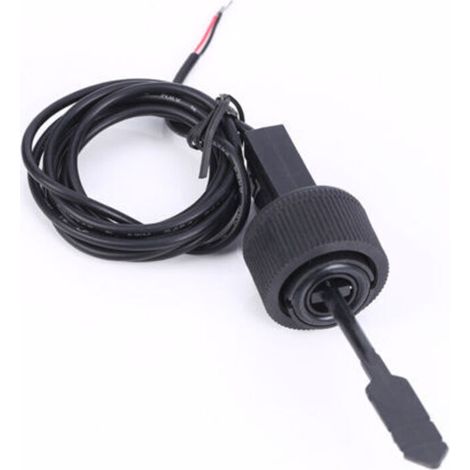 Wasserdurchflussschalter, Wasserdurchflusssensor, stabiler Präzisionsregler (1/4)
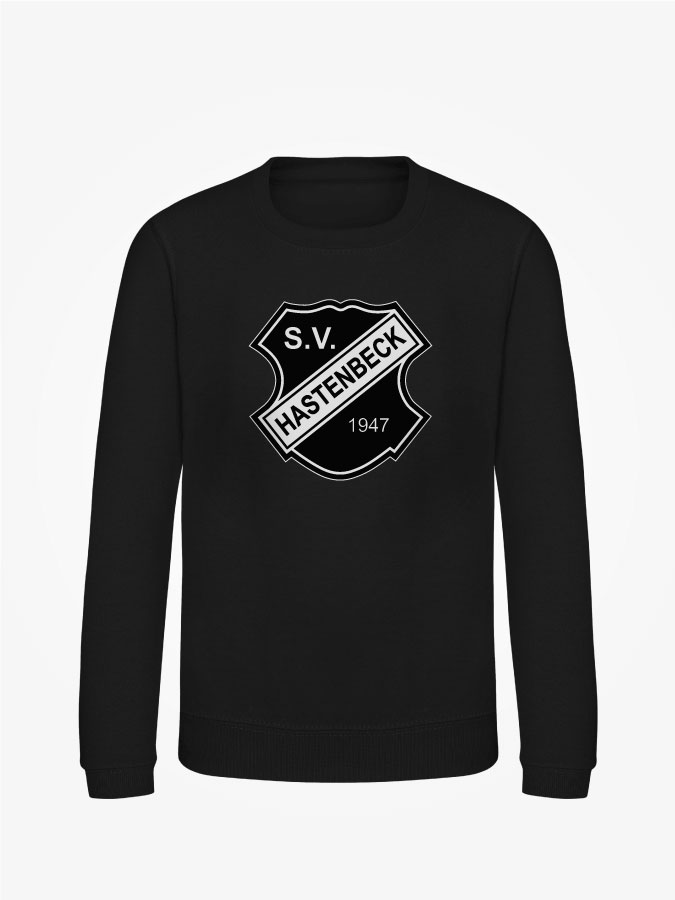 Sweatshirt Classic Kids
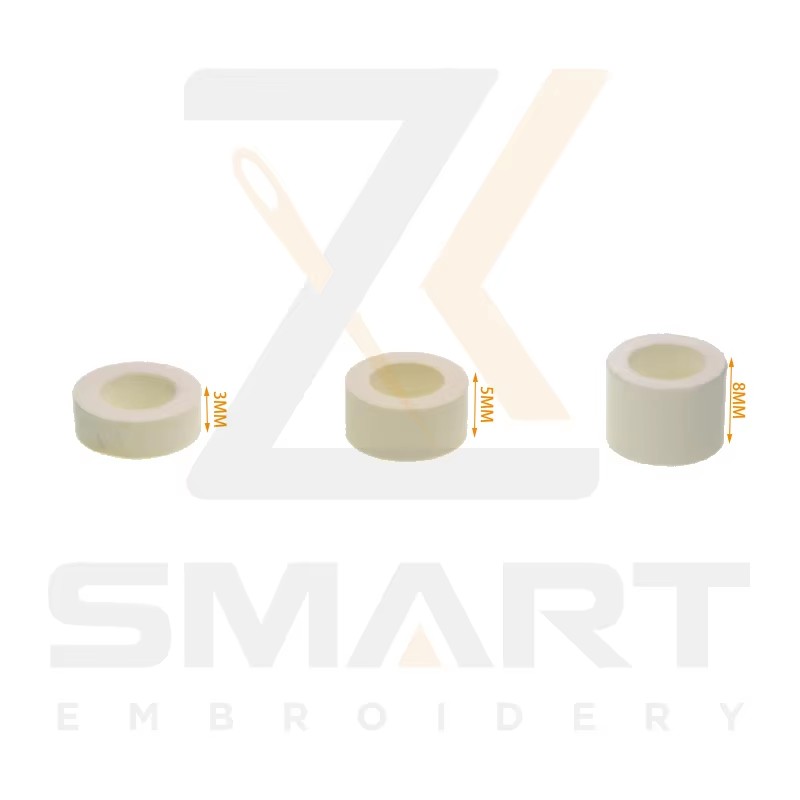 Vòng đai cao su cao su LNB-BN000201 GP-043778-00 LPF-FA000301 05024RB-A001 ME0602000000 EF0644020000 S36153100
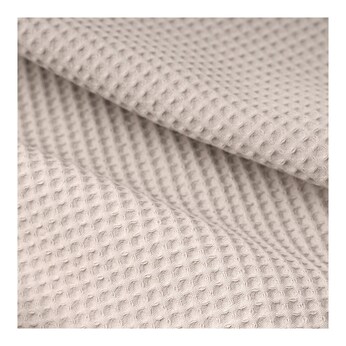 Bettschlange Waffelpiqué 180 cm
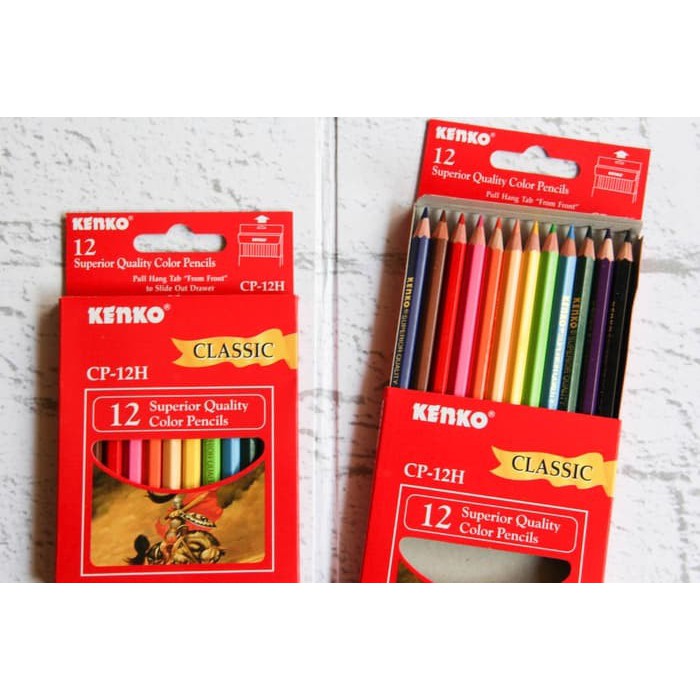 

Kelir Kayu Kenko Cp-12h 12w Pendek Garden/H.Bear (cn)
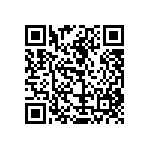 381LX222M063H022 QRCode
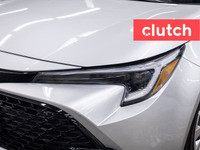 NO ACCIDENTS / CLEAN CARFAX / 1 OWNER / Bluetooth Music, Touchscreen Display, Cruise Control and mor... (image 7)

----------------

#### [Brief]
Give the listing above again in its entirety, exactly as written and free of images.

#### [Exercise answer]
 Wasserdurchflussschalter, Wasserdurchflusssensor, stabiler Präzisionsregler (1/4)
 Sweatshirt Classic Kids
 Vòng đai cao su cao su LNB-BN000201 GP-043778-00 LPF-FA000301 05024RB-A001 ME0602000000 EF0644020000 S36153100
 Bettschlange Waffelpiqué 180 cm

Kelir Kayu Kenko Cp-12h 12w Pendek Garden/H.Bear (cn)
 381LX222M063H022 QRCode
 NO ACCIDENTS / CLEAN CARFAX / 1 OWNER / Bluetooth Music, Touchscreen Display, Cruise Control and mor... (image 7)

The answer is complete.